Martin Rothkegel studied Classical Philology and Protestant Theology in Hamburg, Thessaloniki, Vienna, and Prague, and Jewish Studies in Potsdam (ThD Prague 2001, Dr. phil. Hamburg 2005, Habilitation Göttingen, 2021). Rothkegel teaches History of Christianity at the Theologische Hochschule Elstal (Berlin). His research focus is on early modern religious nonconformity. Publications include Der Briefwechsel des Joachim Jungius (Göttingen, 2005); Gottfried Seebaß (ed.), Katalog der hutterischen Handschriften (Heidelberg, 2011); The Swiss Brethren: A Story in Fragments (Baden-Baden, 2021); Valentin Krautwald: In evangelium Matthaei annotata, 1530 (Baden-Baden, 2022); Acta Unitatis Fratrum, vols 1–2, Wiesbaden, 2018–2023). Rothkegel is the editor of the handbook series Bibliotheca Dissidentium (Baden-Baden: Koerner).

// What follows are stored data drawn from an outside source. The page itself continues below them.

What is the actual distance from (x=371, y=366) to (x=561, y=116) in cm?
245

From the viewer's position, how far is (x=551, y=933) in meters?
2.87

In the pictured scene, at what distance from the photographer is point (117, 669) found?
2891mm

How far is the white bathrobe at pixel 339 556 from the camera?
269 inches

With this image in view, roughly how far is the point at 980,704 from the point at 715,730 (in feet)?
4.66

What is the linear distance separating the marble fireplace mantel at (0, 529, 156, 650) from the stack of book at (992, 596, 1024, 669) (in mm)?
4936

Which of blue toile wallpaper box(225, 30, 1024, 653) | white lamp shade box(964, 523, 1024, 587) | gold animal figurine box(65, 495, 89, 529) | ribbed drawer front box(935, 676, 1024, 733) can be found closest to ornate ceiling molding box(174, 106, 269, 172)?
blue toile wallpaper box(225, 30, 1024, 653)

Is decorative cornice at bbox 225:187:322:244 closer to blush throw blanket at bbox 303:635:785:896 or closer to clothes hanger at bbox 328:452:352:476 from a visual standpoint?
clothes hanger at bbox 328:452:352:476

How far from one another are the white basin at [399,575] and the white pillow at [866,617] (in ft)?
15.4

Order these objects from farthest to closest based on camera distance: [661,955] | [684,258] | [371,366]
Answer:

Cesare Santus teaches Early Modern History at the University of Trieste. His research interests focus on the missionary expansion of Catholicism between the sixteenth and eighteenth centuries, the inquisitorial control of religious minorities, and in particular the relations between the Church of Rome and the Christian East. His book Trasgressioni necessarie (Rome, 2019) examines the confessional dynamics within the Greek and Armenian communities of the Ottoman Empire and their response to the Catholic apostolate. He is also the author of a volume on cultural encounters between Muslim slaves and Catholic citizens in seventeenth-century Tuscany: Il “Turco” a Livorno (Milan, 2019). More recently, he has worked on the role of the Inquisition in Asian missionary controversies and is currently writing a book on the Eastern Christian presence in early modern Rome.

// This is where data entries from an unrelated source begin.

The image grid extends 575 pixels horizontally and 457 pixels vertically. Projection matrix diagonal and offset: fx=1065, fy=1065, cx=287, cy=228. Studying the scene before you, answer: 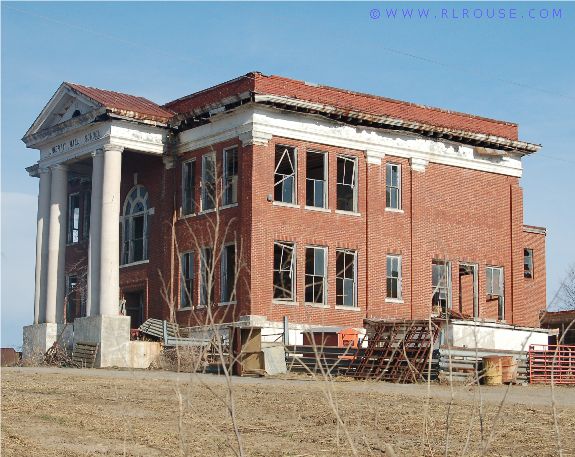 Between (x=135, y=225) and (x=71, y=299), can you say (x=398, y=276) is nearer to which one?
(x=135, y=225)

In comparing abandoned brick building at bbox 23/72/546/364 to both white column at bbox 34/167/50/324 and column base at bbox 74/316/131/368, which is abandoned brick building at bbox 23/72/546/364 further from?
column base at bbox 74/316/131/368

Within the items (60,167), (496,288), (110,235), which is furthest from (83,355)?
(496,288)

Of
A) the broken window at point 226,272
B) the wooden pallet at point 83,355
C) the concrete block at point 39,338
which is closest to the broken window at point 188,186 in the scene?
the broken window at point 226,272

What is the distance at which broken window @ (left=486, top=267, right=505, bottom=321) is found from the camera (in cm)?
4447

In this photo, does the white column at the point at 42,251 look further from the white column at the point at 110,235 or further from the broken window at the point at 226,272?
the broken window at the point at 226,272

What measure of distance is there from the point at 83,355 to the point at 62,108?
11.0 m

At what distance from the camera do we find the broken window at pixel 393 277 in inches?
1630

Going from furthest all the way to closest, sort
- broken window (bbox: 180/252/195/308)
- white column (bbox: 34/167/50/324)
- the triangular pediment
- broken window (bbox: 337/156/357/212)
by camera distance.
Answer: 1. white column (bbox: 34/167/50/324)
2. the triangular pediment
3. broken window (bbox: 180/252/195/308)
4. broken window (bbox: 337/156/357/212)

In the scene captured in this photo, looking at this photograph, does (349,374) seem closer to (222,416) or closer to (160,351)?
(160,351)

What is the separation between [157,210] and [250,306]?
7448mm

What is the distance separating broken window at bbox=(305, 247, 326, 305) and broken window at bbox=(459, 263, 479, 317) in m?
7.01

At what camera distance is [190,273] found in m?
41.4

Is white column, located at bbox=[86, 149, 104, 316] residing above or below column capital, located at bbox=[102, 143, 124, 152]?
below

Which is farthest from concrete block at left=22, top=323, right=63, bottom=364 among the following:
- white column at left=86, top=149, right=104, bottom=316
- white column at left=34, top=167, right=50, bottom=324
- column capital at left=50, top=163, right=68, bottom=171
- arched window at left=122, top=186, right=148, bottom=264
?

Dennj Solera teaches History of Renaissance and Revolutions at the University of Siena. After the Europaeus doctorate (Florence, 2018), he obtained research fellowships in several institutions in Bologna, Warsaw, Gotha and elsewhere. His first studies are related to the religious and social history in relation to the Papal Inquisition and its collusion with the Italian élites: La società dell’Inquisizione romana (Rome, 2021); ‘La Inquisición romana en el seno de la sociedad’, Sociedades Precapitalistas, 2024; ‘Until Death: Self-Sacrifice and Inquisitorial Apologetics’, in Freya Sierhuis and Francesco Quatrini (eds), Fictions of Sacrifice (London, forthcoming). In recent years, he has focused on European intellectual history and the genesis of the Scientific Revolution: ‘Students at Home: Young Scholars among Pinelli’s Circle in 16th-century Padua’, in Danilo Facca (ed.), The Students and Their Books: Early Modern Practices of Teaching and Learning (Berlin, 2025).

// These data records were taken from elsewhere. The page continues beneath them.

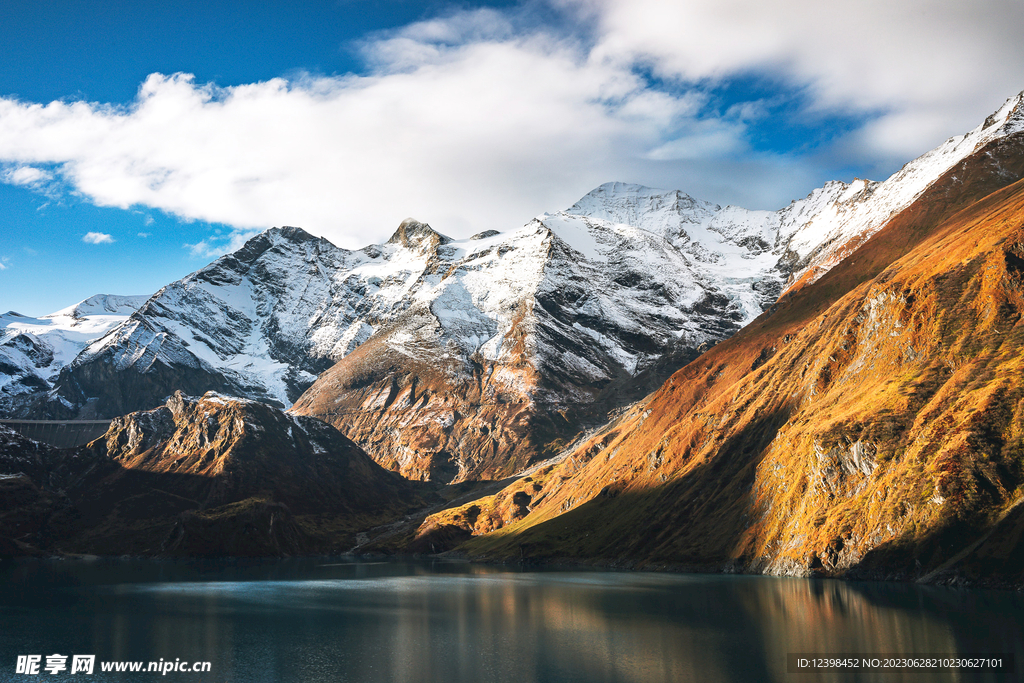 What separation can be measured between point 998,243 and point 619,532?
108m

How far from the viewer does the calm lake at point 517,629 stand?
212ft

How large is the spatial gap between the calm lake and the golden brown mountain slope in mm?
9945

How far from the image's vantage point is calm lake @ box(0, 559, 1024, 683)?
212ft

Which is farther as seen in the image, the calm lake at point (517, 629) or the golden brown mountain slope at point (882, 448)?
the golden brown mountain slope at point (882, 448)

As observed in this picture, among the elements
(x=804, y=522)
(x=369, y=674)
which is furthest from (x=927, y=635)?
(x=804, y=522)

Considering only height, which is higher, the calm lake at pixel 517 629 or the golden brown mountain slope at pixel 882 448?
the golden brown mountain slope at pixel 882 448

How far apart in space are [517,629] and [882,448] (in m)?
75.7

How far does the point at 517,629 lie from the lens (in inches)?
3378

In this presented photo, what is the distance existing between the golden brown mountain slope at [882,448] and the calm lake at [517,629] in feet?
32.6

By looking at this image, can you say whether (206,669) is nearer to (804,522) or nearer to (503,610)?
(503,610)

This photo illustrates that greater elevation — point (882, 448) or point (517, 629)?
point (882, 448)

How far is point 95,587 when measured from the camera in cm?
14262

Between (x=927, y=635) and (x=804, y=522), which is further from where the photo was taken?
(x=804, y=522)

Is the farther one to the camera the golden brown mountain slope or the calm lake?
the golden brown mountain slope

Laurent Tatarenko is a research scientist at the French National Centre for Scientific Research (CNRS), working at the Institute for Early Modern and Modern History (UMR 8066, Paris). Currently, he also holds the position of Director of the Centre for French Culture and Francophone Studies at the University of Warsaw. His research focuses on the social regulations and institutional knowledge of the Uniate and Orthodox populations of Central and Eastern Europe from the sixteenth to the eighteenth centuries. He has recently published a monograph entitled Une réforme orientale à l’âge baroque: les Ruthènes de la grande-principauté de Lituanie et Rome au temps de l’Union de Brest (milieu du XVIe – milieu du XVIIe siècle) (Rome, 2021) and, with Marie-Hélène Blanchet and Frédéric Gabriel, a collective work on the history of autocephalies: Autocéphalies: l’exercice de l’indépendance dans les Églises slaves orientales (IXe–XXIe siècle) (Rome, 2021).